De plus en plus, Hildi et Hans Hostettler, qui gèrent la cabane depuis 2008, sont confrontés à des soucis d'eau. Ici non plus, il n'y a pas de source, seulement de l'eau de glacier. Jusqu'à présent, le principal affluent était le glacier de la Wildi Frau, mais il n'existe presque plus. Il faut alors faire preuve d'inventivité. Lorsque les réservoirs d'eau, d'une capacité totale de 35 000 litres, ne suffisent plus, on utilise un tonneau situé plus bas, à partir duquel Hans pompe ensuite l'eau. L'effort est important. Mais la nécessité d'économiser l'eau est vite oubliée par certains clients. Surtout lorsqu'après le dîner, ils sortent au coucher du soleil et contemplent la splendeur encore glacée de la Blüemlisalp. Ils brillent d'un rouge éclatant dans les derniers rayons du soleil, d'immenses glaciers suspendus qui ont jadis recouvert des prairies riches en fleurs, comme le veut la légende. Il s'agit presque toujours d'un berger impitoyable qui vit dans le gaspillage et la malhonnêteté, jusqu'à ce que son "Müetti" lui jette un sort. De telles légendes sur les fleurs se retrouvent partout dans les Alpes. Plus de gens devraient en prendre le contenu à cœur, pense Tine, qui se perd dans la beauté de la vue. La boule de soleil s'enfonce dans une ligne d'ombre de chaînes de montagnes. Le lendemain, le chemin qui descend vers le lac d'Oeschinen est tout aussi fantastique : il est posé comme une perle turquoise, bien à l'abri dans un amphithéâtre de parois abruptes, comme si les esprits de la Blüemlisalp tenaient leur main par-dessus. Nous nous émerveillons et ressentons la forte énergie qui nous entoure. Elle fait naître l'humilité et la gratitude.

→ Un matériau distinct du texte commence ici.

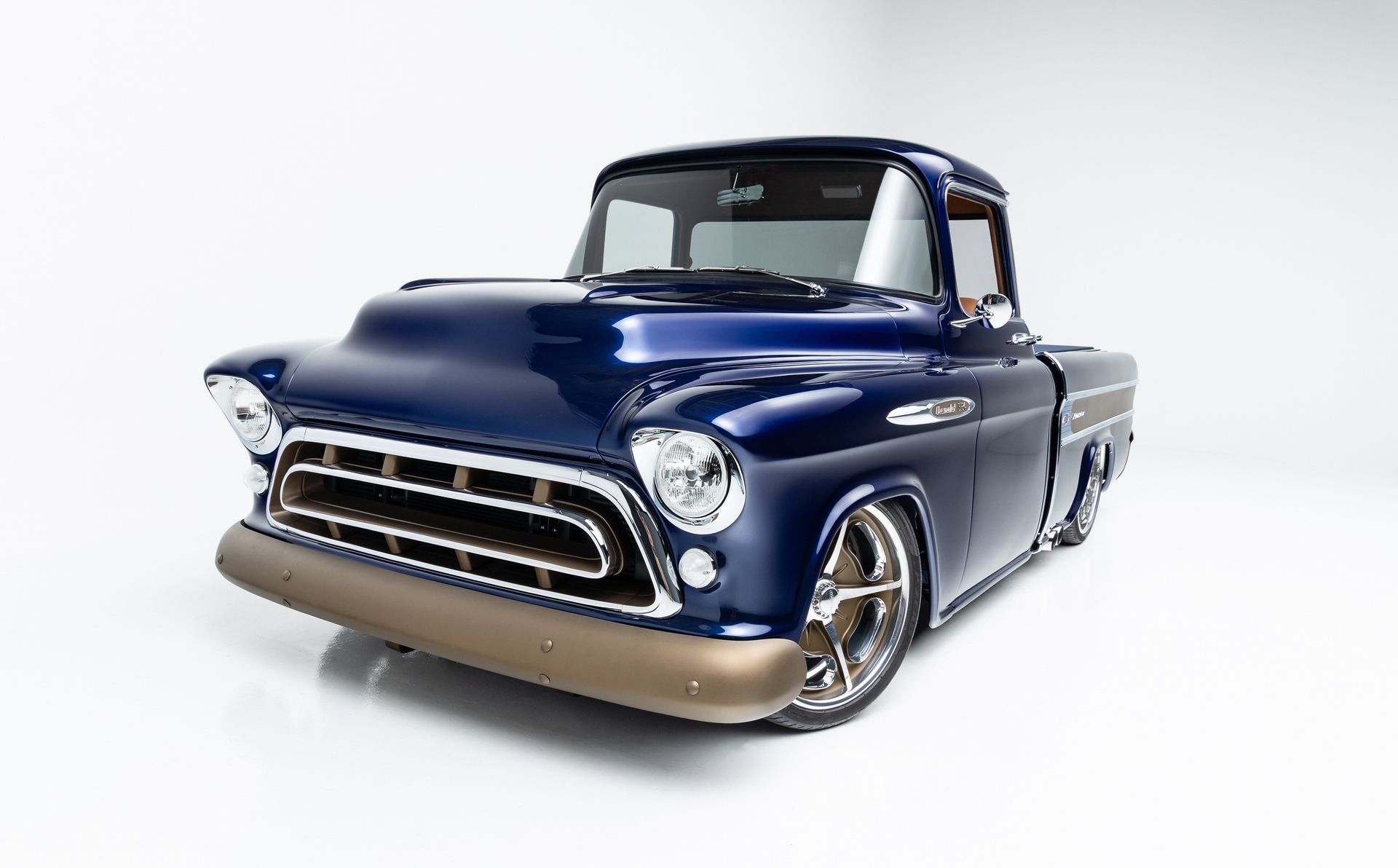 Classic blue vintage pickup truck on a white studio background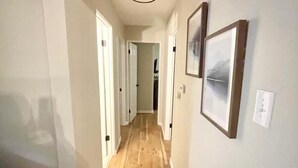 A hallway with wooden flooring, white walls, and framed pictures.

Mürren-Kandersteg en chiffres

  • 1775 mètres de profondeur, les parois rocheuses du Blüemlisalp-Rothorn tombent presque à la verticale dans le lac d'Oeschinen.
  • 1600 mètres de hauteur, c'est le front est du Gspaltenhorn. Après la face nord de l'Eiger, il s'agit de la deuxième plus haute paroi des Alpes bernoises.
  • 72 cascades, "Lautere Brunnen", ont donné leur nom à la vallée de Lauterbrunnen.